Type error on stderr computation of accuracy
RenatoGeh opened this issue · comments
Hello,
I'm trying to evaluate on the ai2_arc
task group, but I keep getting this exception.
File "/home/renatolg/.local/lib/python3.10/site-packages/lm_eval/evaluator.py", line 234, in simple_evaluate
results = evaluate(
File "/home/renatolg/.local/lib/python3.10/site-packages/lm_eval/utils.py", line 288, in _wrapper
return fn(*args, **kwargs)
File "/home/renatolg/.local/lib/python3.10/site-packages/lm_eval/evaluator.py", line 514, in evaluate
] = lm_eval.api.metrics.pooled_sample_stderr(stderrs, sizes)
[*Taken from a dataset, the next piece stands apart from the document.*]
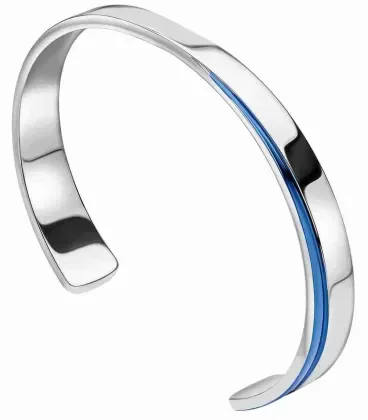 Gourmette pour homme en acier inoxydable 316L avec maillons plats polis et brillants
File "/home/renatolg/.local/lib/python3.10/site-packages/lm_eval/api/metrics.py", line 462, in pooled_sample_stderr
sum([(size - 1) * stderr**2 * size for size, stderr in zip(sizes, stderrs)])
File "/home/renatolg/.local/lib/python3.10/site-packages/lm_eval/api/metrics.py", line 462, in <listcomp>
sum([(size - 1) * stderr**2 * size for size, stderr in zip(sizes, stderrs)])
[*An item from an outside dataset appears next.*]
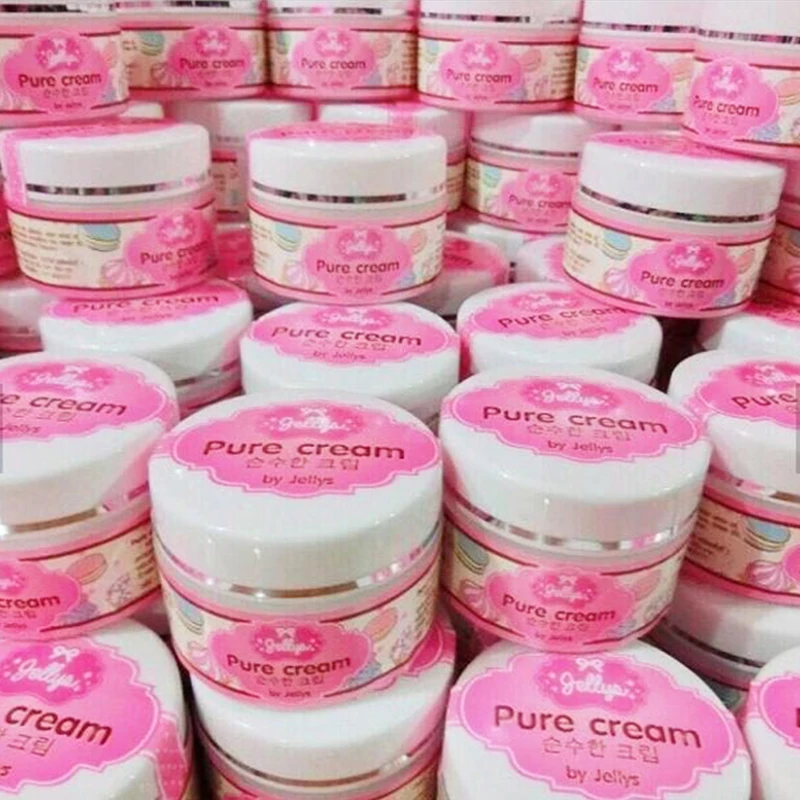 100% Jellys Pure Cream отбеливающий крем белый яркий и аура кожа гладкий здоровый для лица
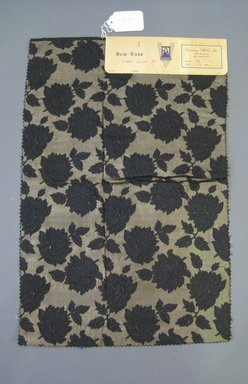 Onondaga Silk Company, Inc. (1925-1981). <em>Textile Swatches</em>, 1948-1959. 35% wool, 33% silk, 32% metal, 22 x 14 1/2 in. (55.9 x 36.8 cm). Brooklyn Museum, Gift of the Onondaga Silk Company, 64.130.271 (Photo: Brooklyn Museum, CUR.64.130.271.jpg)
TypeError: unsupported operand type(s) for ** or pow(): 'list' and 'int'
Some quick debugging shows stderr = [[], []]
, while results
in evaluator.py:514
has value
results = defaultdict(<class 'dict'>, {'arc_easy': {'acc,none': 0.7133838383838383, 'samples': 2376, 'acc_stderr,none': [], 'acc_norm,none': 0.6586700336700336, 'acc_norm_stderr,none': []}, 'arc_challenge': {'acc,none': 0.3890784982935154, 'samples': 1172, 'acc_stderr,none': [], 'acc_norm,none': 0.4087030716723549, 'acc_norm_stderr,none': []}, 'ai2_arc': {'acc,none': 0.6062570462232244}})
It seems harness is having trouble computing the standard deviation of accuracy when faced with several tasks.
Is this a bug or am I doing something wrong here? Is there an option to disable these statistics and only get accuracy or do I have to manually change the code so it skips this function?
Thanks
What is the command you are running?
Can't seem to reproduce with lm_eval --model hf --tasks ai2_arc
, is this issue persisting?
Are there any changes you've made to the code?
I have managed to pinpoint exactly which flag causes this error. Here's a reproducible minimal example:
import lm_eval, torch
mgr = lm_eval.tasks.TaskManager()
lm_eval.simple_evaluate(model=lm_eval.models.huggingface.HFLM(pretrained="google/gemma-2b", dtype=torch.float32),
device="cuda", tasks=["ai2_arc"], limit=10, bootstrap_iters=0)
The error disappears when omitting the option bootstrap_iters=0
.
It now makes sense why the exception is being raised. However, it is unclear from documentation what bootstrap_iters
is supposed to be without going through the code.
#1789 should fix this--let me know if not!